Digital media is kicking old-school radio to the curb. That's not a new event, but a long-term trend. SiriusXM Holdings(NASDAQ: SIRI) and Spotify(NYSE: SPOT) are two of the biggest names in audio-based entertainment these days, and these two companies approach the same market from different angles.
Which digital audio expert is the best fit for your stock portfolio? Let's find out.
Different strategies in similar markets
SiriusXM and Spotify do have a few things in common. They provide audio entertainment to millions of users. They rely on encrypted streams of digital audio, so you can't just listen for free. Most of their customers use ad-supported services, but the smaller group of premium subscribers still accounts for the vast majority of their revenues.
But there are plenty of differences, too.
Spotify's listening platform is all online, all the time. You may use a web page, a smartphone app, or a media-streaming smart TV, but you're still tapping into the same Spotify catalog. SiriusXM runs a satellite-based radio service, the Pandora streaming app, and a cloud-based version of the satellite radio stations. That's a more complicated business model.
Most of SiriusXM's premium subscribers come from the automotive industry, where most car radios can handle satellite signals and they ship with a free trial to the service. The car dealers do a lot of the heavy lifting for SiriusXM's sales. For example, Toyota Motor(NYSE: TM) has been selling three-year satellite radio subscriptions with every new and certified used vehicle since September 2024.
Spotify doesn't have that kind of sales support. This company seeks new users through advertising, a broad catalog with plenty of exclusive content, and the occasional cross-promotion deal with popular consumer goods brands. Last week, Spotify launched a global discount offer for members of Adidas' customer loyalty program, for instance.
The average Spotify subscriber paid 4.71 euros (roughly $5) per month for their premium service in the third quarter of 2024. SiriusXM's average revenue per user in the same period was a more substantial $15.16 per month.

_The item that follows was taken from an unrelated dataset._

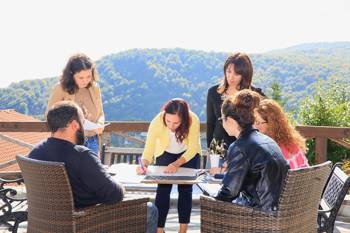 A group of people are sitting on the balcony and a woman is drawing on the table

What's the upside to SiriusXM?
The car-based nature of SiriusXM's business gives the company a robust selling platform, but also limits its growth prospects somewhat. Spotify has about 640 million monthly active users (MAUs) versus 35.7 million paid SiriusXM clients and 43.7 million MAUs on the Pandora platform. Moreover, Spotify's customer counts are growing at approximately 11% year over year while Pandora and SiriusXM are losing subscribers.

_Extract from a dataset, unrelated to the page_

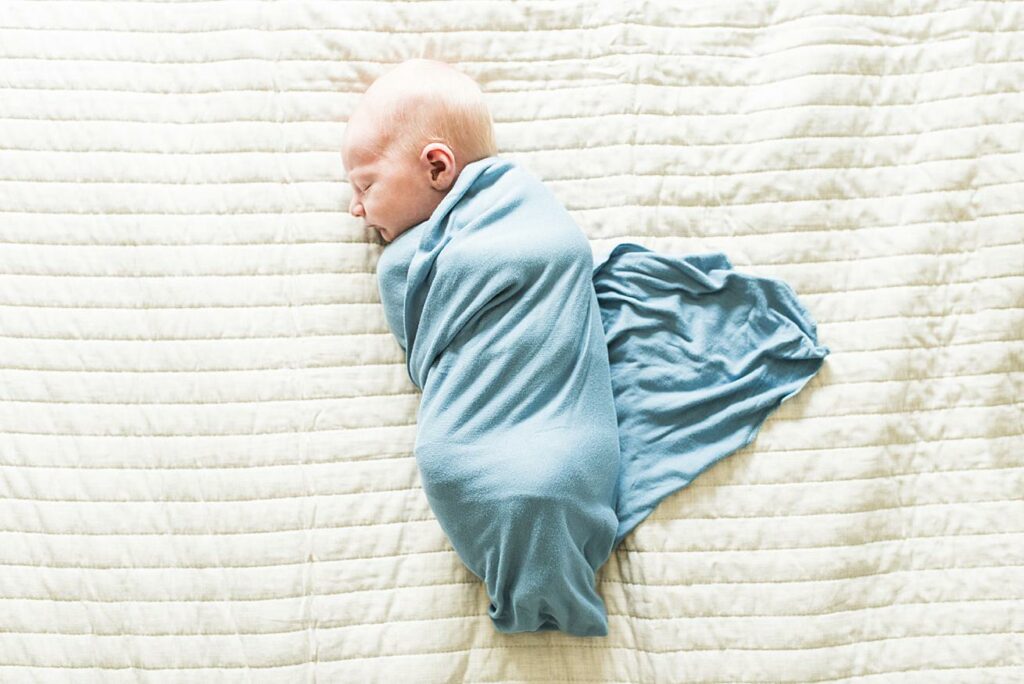 baby boy, swaddled, blue, on bed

So what does Warren Buffett see in SiriusXM? I don't have a precise answer, since the Oracle of Omaha hasn't explained that investment in great detail, but his Berkshire Hathaway(NYSE: BRK.A)(NYSE: BRK.B) business conglomerate actually has a long history of buying stocks that look like SiriusXM.
The company's business may be more complex than Spotify's, but it's still simple and stable enough to work in any economy. SiriusXM pays a generous dividend, currently yielding 5% per year. The payouts are fully funded by free cash flows, even in a slow year like 2024. And did I mention that the stock is cheap?
Growth investors love Spotify, value hounds prefer SiriusXM
If you're picking SiriusXM stock over Spotify today, you're probably looking for a turnaround story. The stock price is down more than 60% in the last two years, despite an ambitious restructuring effort and a resurgent car market.
The stock trades at just 0.8 times trailing sales and 7.9 times free cash flow right now. Earnings are currently negative because of non-cash charges for the restructuring transactions, but SiriusXM's stock is changing hands at 7.5 times next year's earnings estimates.
But if you're a growth investor, Spotify should be right up your alley. The Swedish company's sales are up by 50% in the last three years while SiriusXM's revenues barely moved:
The cash profits tell a similar story. The satellite radio giant's results are uninspiring but Spotify's figures have skyrocketed recently:
So I can see credible investment rationales for both stocks. Your choice may come down to a question of investing style. Both stocks may perform well in the coming years, in very different ways.
But if I had to pick a single winner here, I'd prefer Spotify's soaring sales and surging cash flows. The stock isn't cheap but you get what you paid for -- an impressive growth story at a turning point in the history of radio and audio entertainment.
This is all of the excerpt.